The Swatch Group (UHR) and Richemont (CFR)) share prices have crashed hard in the past few months as investors dump luxury goods companies. Richemont stock was trading at CHF 120, down by over 23% from its highest point this year.
Swatch has done much worse as it crashed to CHF 163, its lowest level since May 2020. It has dropped by almost 50% from its highest point in 2023 and by 65% from its all-time high. It was trading at CHF 475 in November 2013.
Luxury goods stocks have crashed
Swatch Group and Richemont are not the only luxury goods companies that have crashed. In the United Kingdom, Burberry stock has dropped in the last 14 consecutive months and is hovering at its lowest point since September 2010. It has plunged by over 75% from its highest point in 2023, which has led to it being pushed out of the FTSE 100 index.
In France, Kering, the parent company of Gucci, has retreated in the last three consecutive months and is down by over 64% from its highest point in 2023. This sell-off accelerated after the company published weak financial results and slashed its forward guidance.

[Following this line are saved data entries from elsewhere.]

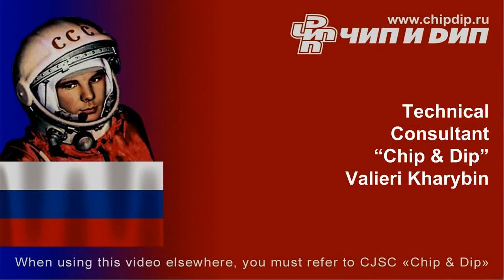A careful assembly and correct connection ensure an impeccable operation of the amplifier without any additional adjustments. The video has been shot at the request of Mikhail Sazonov.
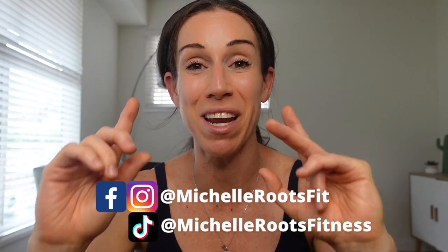Thanks so much for watching, guys. If you found this video helpful, don't forget to give it a like, share it with anyone you think might benefit from this information, and leave any questions in the comments below. If you're looking for personalized one-on-one fitness and nutrition coaching, you can also learn more about how to work with me. I'm always happy to help and I'll see you guys next week.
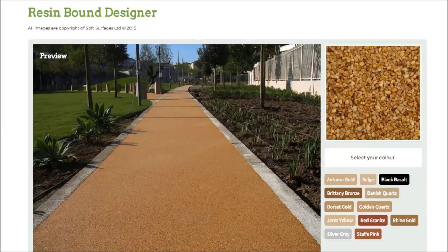Hi guys. I just thought I'd make this quick video today because I've just stumbled across this really great resin bound designer. I've been on a lot of resin bound websites over the last few days and I've noticed that none of them actually have a design feature on there. So this is a really nice option to be able to have if you're looking to have resin bound installed on your surface.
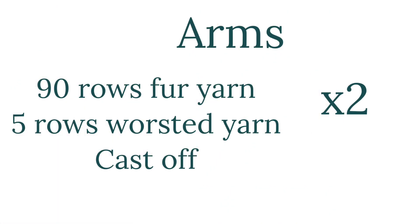For the yarns, you would need two tubes: 90 rows of fur yarn and five rows of worsted yarn, and then cast off.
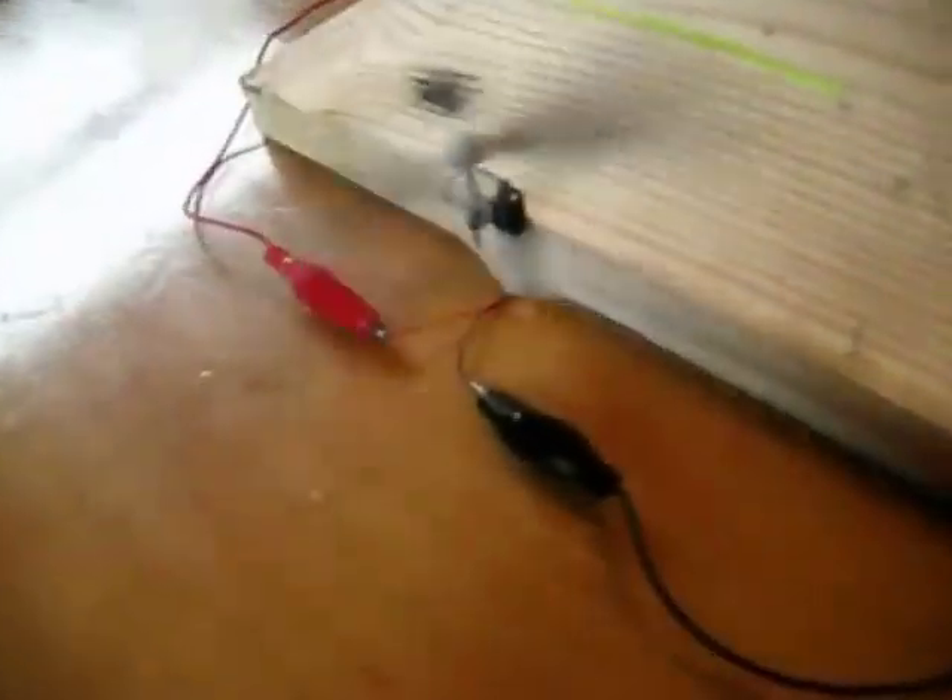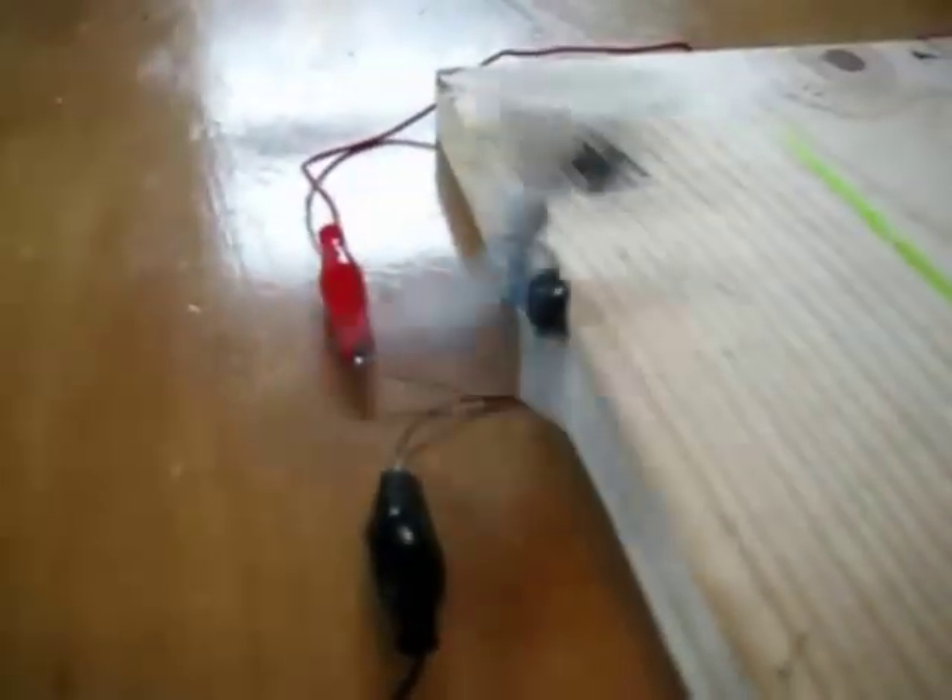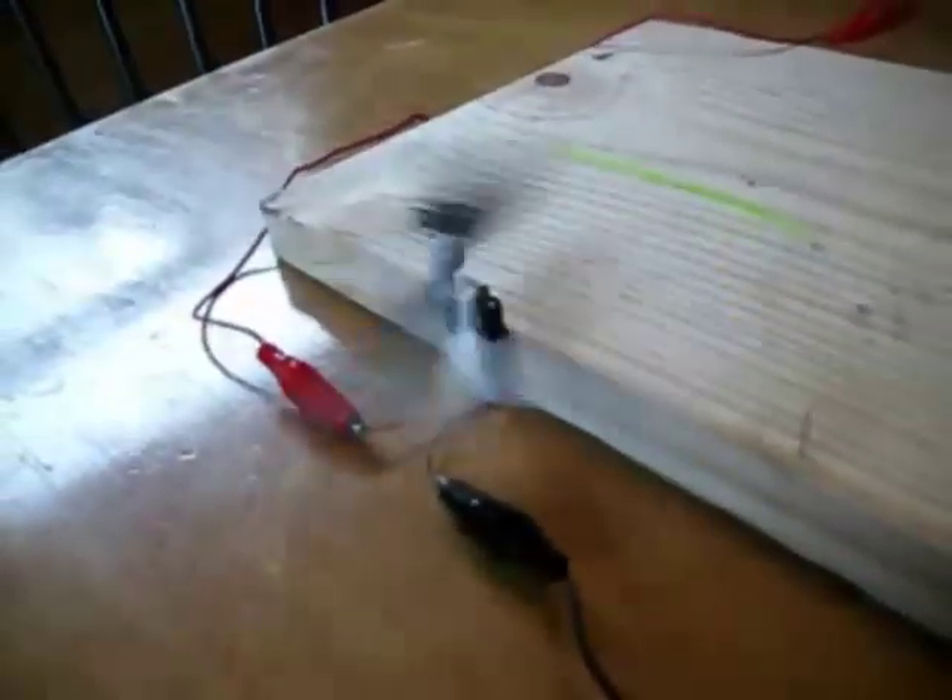Here's a little tiny RC airplane motor running off of power from my Earth battery that I collected last night. It's been running for a long time at a real nice speed. Pretty impressive. I'll continue to experiment and see what else I can do with this.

Other luxury goods companies like Aston Martin Lagonda, LVMH, Ferragamo, and Hugo Boss have all retreated sharply. Hugo Boss, in particular, has fallen by over 47% and was trading at $35.77, a record low.

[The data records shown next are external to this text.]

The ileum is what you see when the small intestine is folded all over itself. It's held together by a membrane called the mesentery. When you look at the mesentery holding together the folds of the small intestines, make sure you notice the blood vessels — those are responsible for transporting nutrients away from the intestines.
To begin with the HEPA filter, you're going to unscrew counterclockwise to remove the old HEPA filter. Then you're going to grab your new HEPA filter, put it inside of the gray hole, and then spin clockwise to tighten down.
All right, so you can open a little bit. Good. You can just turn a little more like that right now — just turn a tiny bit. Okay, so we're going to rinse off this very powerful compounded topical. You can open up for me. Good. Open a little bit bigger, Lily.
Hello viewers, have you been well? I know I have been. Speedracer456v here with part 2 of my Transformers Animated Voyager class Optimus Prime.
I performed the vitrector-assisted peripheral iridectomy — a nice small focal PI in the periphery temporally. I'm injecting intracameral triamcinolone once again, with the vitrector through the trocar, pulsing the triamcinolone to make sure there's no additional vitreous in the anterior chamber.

Altogether, the ongoing meltdown in the luxury goods market has led to substantial losses in the market. It is estimated that investors have lost over $240 billion during the plunge.
Swatch Group’s demand is waning
Swatch Group, the parent company of popular brands like Omega, Tissot, Longines, Blancpain, and Hamilton has crashed for two main reasons.
First, there is a sense in the investment community that the management has not been forthcoming about its business. Nick Hayek, the CEO, has often been accused of not providing clear answers to analysts. Most recently, he told investors who did not like the company to stash their funds elsewhere.
Second, the company’s financial results have not been all that good because of the ongoing slowdown in China. The most recent numbers showed that its net sales dropped by 14.3% in the first half of the year to CHF 3.44 billion while its operating profit crashed to CHF 204 million.
The company also warned that its financial performance will remain under pressure because of China and Hong Kong. Recent reporting has shown that some of the most popular luxury malls in Hong Kong have been almost empty.
Additional news is that several luxury watchmakers have turned to the Swiss government for support, meaning that the industry is not doing well.
Swatch Group share price analysis
The weekly chart shows that the Swatch Group share price formed a double-top chart pattern around the CHF 300 level. In most periods, a double-top pattern is one of the most bearish patterns in the market.
The stock has dropped below the key support level at CHF 202, its lowest swing since May 2022. In December last year, the 200-week and 50-week moving averages crossed each other, forming a death cross pattern. The path of least resistance for the stock is downwards, with the next point to watch being CHF 133.60, its lowest swing since March 2020.
Richemont’s growth is slowing
Richemont, the parent company of Cartier, Buccellati, Van Cleef & Arpels, IWC, Piaget, and Dunhill is also not doing well as its stock has dropped by over 23% from its highest point this year.
One of its core issues has been its Yoox Net-a-Porter brand, which has constantly made substantial losses such that the company is now considering options.
Like Swatch Group, Richemont’s recent financial results showed that the company was not doing well. Its total quarterly sales rose by just 1% to €5.268 billion.
In China, one of its important markets, sales plunged by 18% to €1.809 billion. This slowdown was offset by a 59% increase in Japan and a 10% increase in the Americas. The company warned that China’s slowdown may continue in the coming months. Richemont’s management will provide more color about its business this week at its annual general meeting in Geneva.
Richemont share price forecast
The weekly chart shows that the Richemont stock price peaked at CHF 156 in 2022 amid the luxury watch boom. It then formed a double-top chart pattern near that level and whose neckline is at CHF 102.95.
The stock has now dropped below the 50-week and 200-week Exponential Moving Averages (EMA). it has also dropped below the 23.6% Fibonacci Retracement point while the Percentage Price Oscillator (PPO) has tilted downwards.
Therefore, the Richemont share price will likely continue falling as sellers target the double-top neckline at $102.95, its lowest swing in October 2023.